WRRDA Bill Will Expand Port of CatoosaWed, 11 Jun 2014 13:00:49 CDT
When you think of ports and the shipping of goods, most Americans will think of the east or west coast or even the Gulf of Mexico, but Oklahoma is not known for its role in the nation's inland waterwater system. The Port of Catoosa is one of the largest inland waterports in the country, where goods are shipped up and down the Arkansas and Mississippi Rivers.
When Congress began debating the Water Resources Reform and Development Act of 2014, Second District Congressman Markwayne Mullin made sure his collegues understood Oklahoma and the Port has an important role in moving goods and the nation's economy and how the Port of Catoosa is in desperate need for repairs.

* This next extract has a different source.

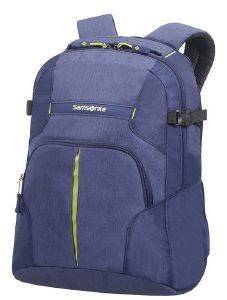  SAMSONITE REWIND 15.6\'\'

"The core had came out with a report a few years ago that said the waterway, the navigational system, had a 50 - 50 chance of failing within the next five years," Mullin said. "There was 100 - million dollar backlog on just the navigational system and 63 million dollars of critical repairs needed."
Speaking at a Press Conference Friday at the Port of Catoosa, Mullin shared how the port is central for trade with its ability to offer access to rail, transportation by trucks and by water. Currently the Port of Catoosa can handle a maximium of 100 barges, but there have been times when there have 125 barges. (You can listen to Congressman Mullin's comments below).
"When you drive down by the canal, you can literally walk across the canal with barges," Port of Catoosa Director Bob Portis said. "I don't like seeing that, I mean it looks good, but the fact remains its a very inefficient to operate."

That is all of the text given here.